According to an investigation by Jornal do Brasil, at the time, the measure caught political allies and opponents by surprise. The expectation was greater integration between the police, but the governor decided to do the opposite. Brizola justified the decision by claiming that the same had been done by then French president François Mitterrand – the first socialist president elected in France.

Asked about who would be in charge of the police, Brizola limited himself to saying that legislation would play this role. “The law, supported by the legitimacy of the Government. We are impressed with the current situation. The institutions do not work. It cannot continue like this”, said the governor when announcing his secretariat to the press.

Despite the declaration, the command was directed to a “special advisor” subordinate to the governor. In practice, Brizola took effective command of the two police forces as a way of circumventing Army interference. According to a decree at the time, state security secretaries should have their names approved by the then Army minister.

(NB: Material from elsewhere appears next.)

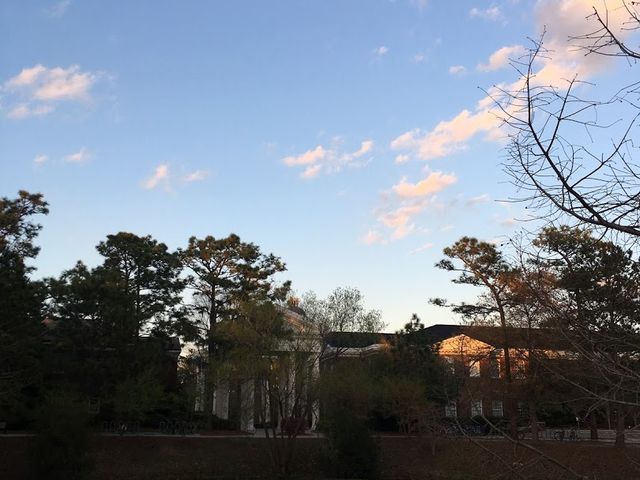 Photo of University of North Carolina Wilmington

The portfolio was recreated only 12 years later, under governor Marcello Alencar (1925-2014). In 2019, Witzel ended the portfolio under pressure from police leaders, who offered their political support to the governor in exchange for the end of the Security Secretariat. They wanted to have more free access to political positions and appointments.

But the action was disastrous as it dismantled the entire security policy that had been created a year earlier in a federal intervention. The police left integration aside and abolished the independent internal affairs department, giving space to the expansion of corruption.